Consumer confidence falls despite RBA cut

The AFR reported that the Reserve Bank's decision to cut rates to a record low has failed to boost consumer confidence, according to Westpac and ANZ. Westpac's consumer sentiment index dipped 0.6% in June from May. Meanwhile, ANZ's weekly consumer confidence index fell for the second consecutive week, down 2%. However, the measure remained above the long-term average. Confidence in current financial conditions, as compared to a year ago, and sentiment towards finances in a year's time fell 2.7 and 2.2% on the respective indices. Both banks pointed to weak GDP growth as a weight on consumer confidence. The Australian economy grew 0.4% in the March quarter, lowering the growth rate to 1.8%, which is the slowest pace since 2009 at the end of the global financial crisis. Eyes remain fixed on Reserve Bank governor Philip Lowe, who said in the June decision that the central bank would continue to monitor developments in labour markets and adjust policy accordingly.

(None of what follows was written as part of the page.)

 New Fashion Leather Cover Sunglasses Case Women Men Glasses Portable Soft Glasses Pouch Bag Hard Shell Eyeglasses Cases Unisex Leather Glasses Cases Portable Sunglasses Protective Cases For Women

Wesfarmers buys Catch Group for $230m

The AFR reported that Wesfarmers has outlaid $230 million to buy one of Australia's oldest and largest online retailers, Catch Group, from founders Gabby and Hezi Leibovich. Wesfarmers, which is due to update investors at its annual strategy presentation on Thursday, said on Wednesday it had entered into an agreement to buy Catch Group for $230 million cash to accelerate the conglomerate's digital and e-commerce capabilities. Catch Group operates an online marketplace, owns sites such as, Mumgo, Grocery Run, Brands Exclusive and The Home and runs two fulfilment centres in Victoria. It will operate as an independent business unit overseen by Ian Bailey, the managing director of Kmart, which is owned by Wesfarmers. The deal comes amid speculation Catch Group was planning a $200 million to $300 million initial public offering before the end of June after pulling the plug on a proposed $200 million float late last year.

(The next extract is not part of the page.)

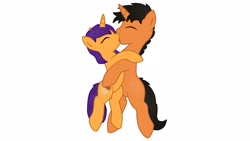 Size: 1920x1080 | Tagged: safe, artist:king-franchesco, imported from derpibooru, oc, oc only, oc:king franchesco, pony, unicorn, cutie mark, eyes closed, female, hooves, horn, hug, kissing, male, mare, open mouth, sitting, stallion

Super Retail appoints new auto boss

The AFR reported that New Super Retail Group chief executive Anthony Heraghty is under pressure to deliver improved results after shaking up almost his entire senior management team in less than six months. Mr Heraghty, who took the helm in February from long-serving chief executive Peter Birtles, has appointed a 20-year Aldi veteran to run the group's largest business, Supercheap Auto. Benjamin Ward takes over as managing director of Supercheap Auto on July 29 from Chris Wilesmith, who is leaving the group in August after 13 years, seven as managing director of the auto accessories business. Mr Wilesmith, who has overseen a 33% increase in auto sales and a 61% increase in earnings since 2012, was considered to be a potential candidate to take the reins from Mr Birtles. The latest management change means that all three of Super Retail Group's major divisions -  auto, sports and leisure - have new managing directors this year.

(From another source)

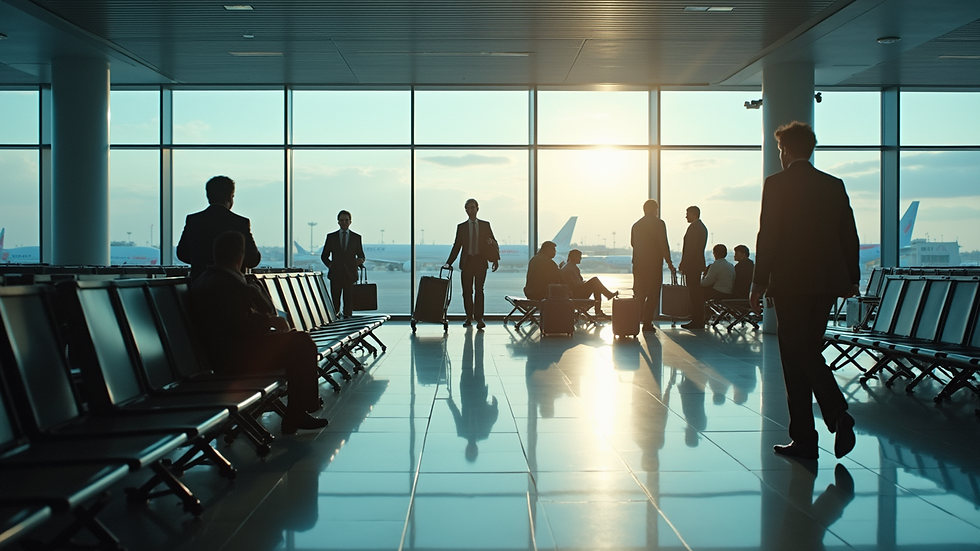 High angle view of a busy airport terminal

Afterpay executives to cash out $100m

The AFR reported that Afterpay's chief executive, chairman and group head have cashed out more than $100 million worth of shares as institutional shareholders picked up all the shares on offer as part of a $330 million capital raising. Afterpay entered into a trading halt on Tuesday and by the afternoon the placement was fully subscribed at $23 a share, raising $317.4 million. This means a $47.15 million payday for each of the Rich Listers, chief executive Nick Molnar and executive chairman Anthony Eisen, who have decided to offload 2.05 million shares each. Afterpay shares closed at $24.17 on Friday, representing a 95% gain since January. Afterpay raised the capital to help fund its US venture, though it will be interesting to see how the share market reacts to its founders selling down, which is usually taken as a sign of low confidence.